UEFA has opened a "full and thorough" investigation into the violent scenes that forced Tuesday night's Euro 2012 qualifier between Italy and Serbia to be abandoned.

• 'Shame' of Serbian chief
• Serbian authorities blamed

Kick-off in Genoa was delayed by 35 minutes when travelling Serbian fans threw fireworks at the home support. When the match did get underway, it lasted only six minutes as flares were thrown at Italy goalkeeper Emiliano Viviano.

Serbian fans were also caught up in clashes prior to the game - with the country's team coach also attacked - while supporters taunted police, cut protective nets and smashed Perspex barriers at the Stadio Luigi Ferraris.

"Following the abandonment of yesterday's UEFA Euro 2012 qualifying match between Italy and Serbia at the Stadio Luigi Ferraris in Genoa after only six minutes of play, UEFA has confirmed today that it has immediately opened a full and thorough disciplinary investigation into the incidents of serious disorder witnessed at the match and the circumstances surrounding it," a UEFA statement read.

"Once the full dossier is completed, with the assistance of both the referee and delegate reports, the matter will be put before the independent UEFA control and disciplinary body for further review and possible sanctions.

"The sanctions that are available to the control and disciplinary body can be found in the UEFA disciplinary regulations, edition 2008, article 14, and range from a reprimand or fine, up to a stadium closure or 'disqualification from competitions in progress and/or exclusion from future competitions'.

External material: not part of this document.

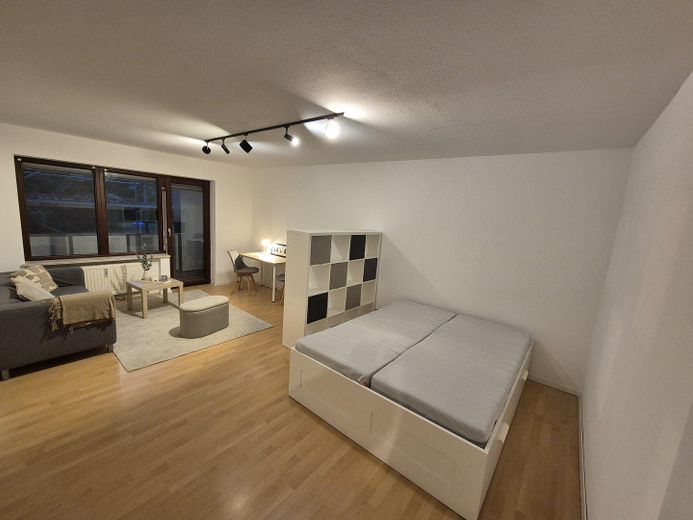 Ruhige, möblierte 1,5-Zimmer-Wohnung mit Südbalkon und TG-Stellplatz in Nürnberg-Wetzendorf – फोटो 5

"The proposed date for the meeting of the control and disciplinary body to hear this case is Thursday 28 October."

Serbia's government has also apologised to Italy for the behaviour of their travelling support.

"What happened in Genoa was a disgrace, a nightmare,'' said Sanda Raskovic-Ivic, Serbia's ambassador in Rome. "I and all of Serbians are ashamed. I take this opportunity to send the apologies from the embassy, our government and our population to the Italian people for what has happened."

Northern Ireland will wait to hear UEFA's verdict ahead of their trip to Belgrade next year. Patrick Nelson, chief executive of the Irish Football Association, said the body would wait to hear from UEFA before making any judgments on safety.

He said: "It's a matter for UEFA and we will look out and see what they say about it as our next away game is away in Serbia. We'll need to plan for that game in the near future. We plan all our trips carefully as all trips are different.

"We have a security officer as part of the team. We will work with him, UEFA and the other country, whichever country that may be. We also work quite closely with the Amalgamation (of Northern Ireland Supporters Clubs), not just for this trip to Serbia but every trip."

It has also emerged the the Italian federation, the FIGC, could also face punishment.

UEFA spokesman Rob Faulkner told Gazzetta dello Sport: "Aside from the responsibility of those that provoked the incidents, UEFA rules also consider the responsibility of the federation that organises the game.

"They have the duty to guarantee safety in the stadium as well as making sure the game goes ahead."